The more I dig into the logic of Perl, the more I find that it uses constructive (intuitionist) instead of classical logic. But Perl developers think in terms of the latter, not the former. This causes us to often reason incorrectly about our software.

For example, if we have this:

if ( $x < 3 ) {
    ...
} 
else {
    ...
}

We tend to think that $x is a number and $x >= 3 holds in the else block. That might be true in a strongly typed (uses classical logic) language, but that’s not necessarily true in either Perl or constructive logic.

Here’s a counter-example in Perl:

my $x = {};  # a reference to a hash
if ($x < 3) {
    say "if";
}
else {
    say "else";
}

That will print else because my $x = {}; say $x + 0; will often print a number like 4966099583. That’s the address of $x.

You won’t even get a warning.

Not useful.

So the else branch in Perl simply says the previous case didn’t hold, but it says nothing about the actual value of the number.

We can assert that $x is an integer and die if it’s not, but many don’t bother with that.

Classical versus Constructive

In classical logic, there’s the law of the excluded middle. Something is either true or it’s not. In constructive logic, things are true, not true, or other (unknown).

If $x is an integer, we know that it’s either 3 or it’s not, but we might not know it yet.

Note: Constructive (intuitionist) logic isn’t a mere mathematical curiosity. The well-known physicist Nicolas Gisin has written a short, easy-to-read paper showing how intuitionist logic might prove that there really is an “arrow of time” in physics .

I find the idea of constructive logic useful enough that I wrote a Perl module named Unknown::Values .

I proposed adding this new, three-value logic, or 3VL (true, false, unknown), to Perl and while there was some interest, some practical problems reared their ugly heads and the idea went nowhere.

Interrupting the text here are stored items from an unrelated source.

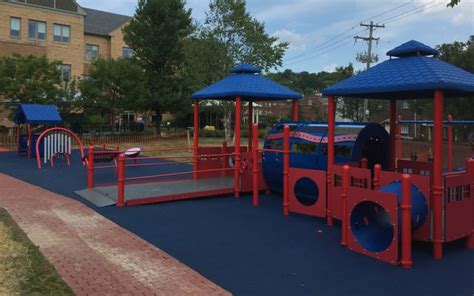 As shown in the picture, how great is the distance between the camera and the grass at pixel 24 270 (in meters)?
5.03

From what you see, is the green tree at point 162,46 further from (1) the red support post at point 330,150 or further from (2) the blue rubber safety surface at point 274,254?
(1) the red support post at point 330,150

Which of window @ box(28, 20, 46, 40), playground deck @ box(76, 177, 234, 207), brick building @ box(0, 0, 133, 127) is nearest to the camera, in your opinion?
playground deck @ box(76, 177, 234, 207)

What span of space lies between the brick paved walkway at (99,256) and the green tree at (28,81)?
1813 cm

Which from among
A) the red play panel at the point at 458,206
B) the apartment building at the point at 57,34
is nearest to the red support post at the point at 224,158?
the red play panel at the point at 458,206

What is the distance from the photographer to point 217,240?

Interestingly, one of the counterpoints was based on the confusion between classical and constructive logic. Complementing undef with a new unknown keyword (that salary might return):

# using undef values:
my @overpaid = grep {
    defined $_->salary
    &&
    $_->salary > $cutoff
} @employees;

# same thing with unknown values:
my @overpaid = grep { $_->salary > $cutoff } @employees;

As you can see, using unknown values instead of undef values makes the code shorter and easier to read. unknown salaries would not pass the grep. You don’t have to remember the defined check. It just works. Of course, you can run it in the other direction:

my @underpaid = grep { $_->salary <= $cutoff } @employees;

And again, unknown values wouldn’t pass the grep. If you need those employees:

my @unknown_salary = grep { is_unknown $_->salary } @employees;

But this was presented as a counter-argument:

if ( $x < 3 ) {
    ...;
}
else {
    ...;
}

With 3VL, surely the else would also have to be skipped because we don’t know if the condition is false? Thus, we could have an if/else block where the entire construct is skipped. That would be confusing madness!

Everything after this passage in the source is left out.